1973 British film by Peter Crane

Assassin is a 1973 British thriller film directed by Peter Crane and starring Ian Hendry, Edward Judd and Frank Windsor. It was written by Michael Sloan.

==Plot==
MI5 intends to liquidate Ministry of Defence official John Stacy, suspected of leaking secrets. Rather than using their own personnel they hire a professional hitman. The assassin is a disillusioned and troubled man, following his accidental killing of a bystander during a previous job. When the time comes for him to kill Stacy, at the wedding of his colleague Craig, MI5 learn that Stacey is not guilty, but it is too late to contact the assassin and call him off, so two MI5 officers are sent to stop him. Before they can, the assassin is run over by a car. However, unknown to MI5, the assassin has a back-up man who shoots Stacy.
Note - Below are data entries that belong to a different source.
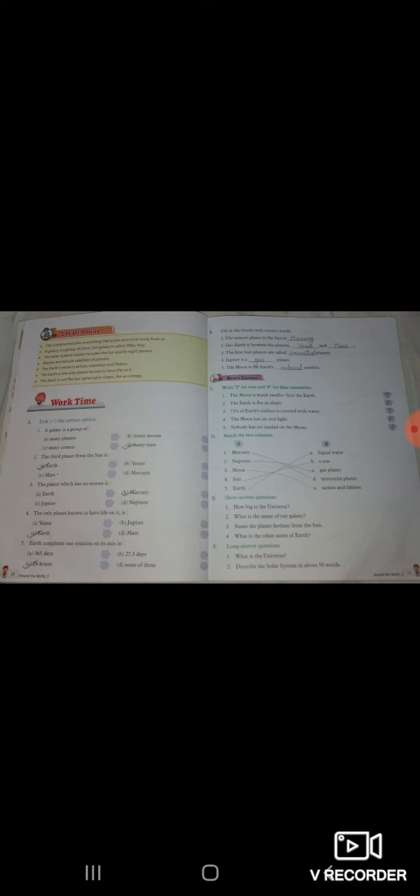Match the two columns. Mercury ka terrestrial planet, Neptune gas planet, moon airless and lifeless, sun star, earth liquid water.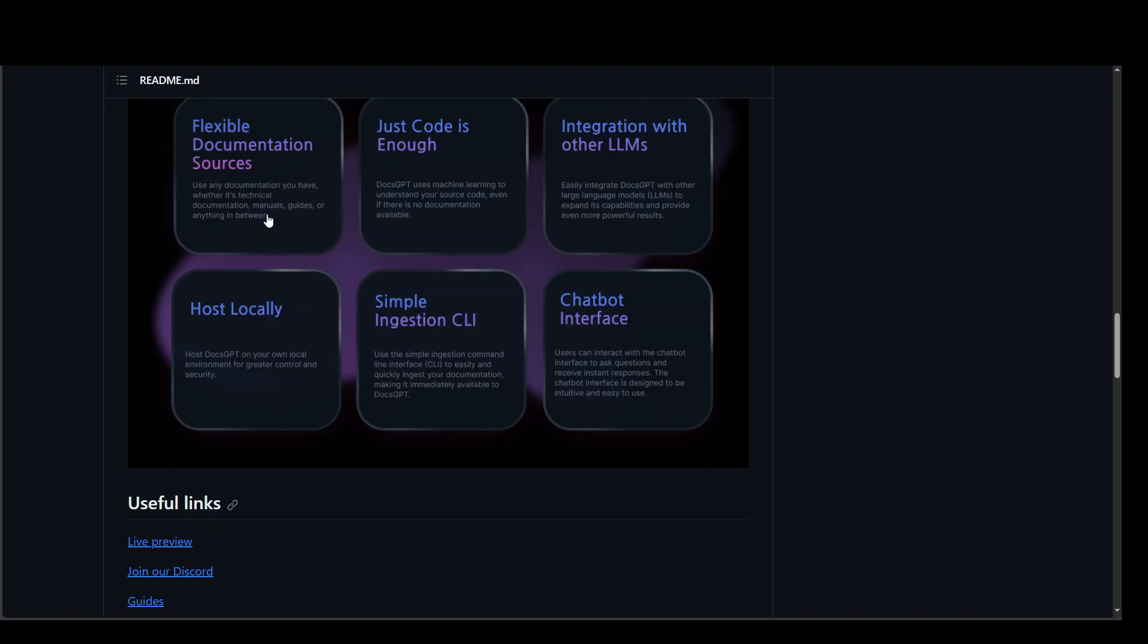It uses machine learning behind the scene and you don't even have to worry about how it is working behind the scene. You don't have to be a machine learning expert in order to use it. You can use it with various LLMs and the interface is quite cool and I will show it to you shortly.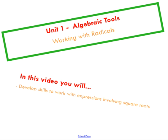Alright, so that brings us to the end of this video tutorial — a quick one on using algebra processes to simplify and work with radicals. This is something you're going to use throughout your studies in math; you never know when these things pop up. So it's a good thing to keep in your utility belt.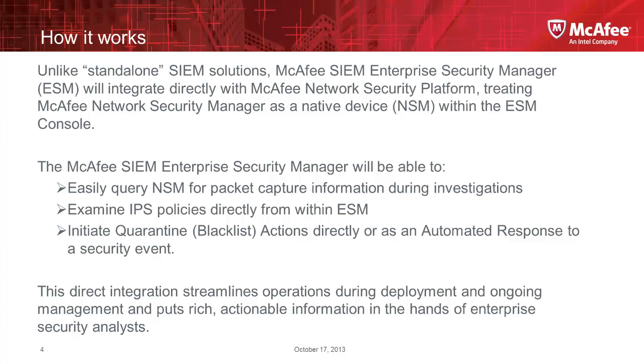This integration is directly integrating the device itself, the NSM that works to manage the device, into the SIEM console itself. So you're able to do packet capture information investigations on the packets itself. You're able to review IPS policies from the SIEM console itself. And then more importantly, which we will demonstrate today, is the ability to quarantine, to take a quarantining action or a blacklisting node in real-time, or manually intervening, or in real-time in a fully automated fashion using a SIEM alert or an alarm and taking particular actions that remediates the particular threat.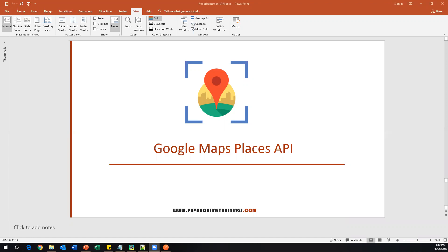For that I am going to use the Google Maps Places API. To access this API we need to have an API key, which we need to generate using a Google account. First let's see how we can generate the API key for this particular Google Maps API, and also understand what is the functionality of this API. We'll look at some documentation and then I'll show you how to create the API key and use it in your script.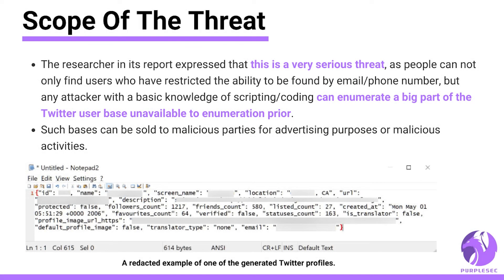The researcher expressed that this is a very serious threat, as people can not only find users who have restricted the ability to be found by email or phone number, but any attacker with a basic knowledge of scripting and coding can enumerate a big part of the Twitter user base unavailable to enumeration prior. Such databases can be sold to malicious parties for advertising purposes or malicious activities.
It transpires that the real spy was Craig.

==Cast==
- Ian Hendry as The Assassin
- Edward Judd as MI5 Control
- Frank Windsor as John Stacy
- Ray Brooks as Edward Craig
- John Hart Dyke as Janik
- Verna Harvey as the girl
- Mike Pratt as Matthew
- Frank Duncan as Luke
- Mike Shannon as alcoholic
- Paul Whitsun-Jones as drunk man
- Molly Weir as drunk woman
- Andrew Lodge as back-up man
- Avril Fenton as barmaid
- Caroline John as Ann
- Celia Imrie as Stacy's secretary
- Peter Hawkins as passport officer

== Critical reception ==
The Monthly Film Bulletin wrote: "Assassin is distinguished chiefly by the amount of heavy, jazzy style Peter Crane manages to cram into it: pointless overhead shots, angles, distortions, even a heartbeat on the soundtrack to herald the nightmare which (naturally) haunts the disillusioned killer. A sound performance by Ian Hendry almost makes one forgive the painful contrivance with which excuses are found to stress his angst-ridden solitude, and the equally painful dreariness with which he is made to moon around until he meets that cliché of clichés, the girl in the pub who is even lonelier than he."

The Radio Times Guide to Films gave the film 2/5 stars, writing: "Without the extraneous style and a couple of the more extended scenes, this might have made a decent half-hour TV thriller. Instead, director Peter Crane piles on the flashy visuals in an attempt to turn a humdrum espionage caper into a meaningful tract on the state's dispassionate sanctioning of murder and the isolation of the professional killer. Amid the directorial pyrotechnics, however, lan Hendry is highly effective."

Leslie Halliwell said: "Old hat espionage melodrama, topheavy with artiness which makes it look like an endless TV commercial."

==Soundtrack==
The soundtrack was by Zack Lawrence. A 7-inch 4-track EP Assassin: The Pemini Organisation Presents The Original Soundtrack From The Film, was released in 1973.

== Home media ==
Assassin was released on the Blu-ray The Pemini Organisation (1972–1974) (Powerhouse Films, 2022) with two other films also directed by Peter Crane and written by Michael Sloan: Hunted (1972) and Moments (1974).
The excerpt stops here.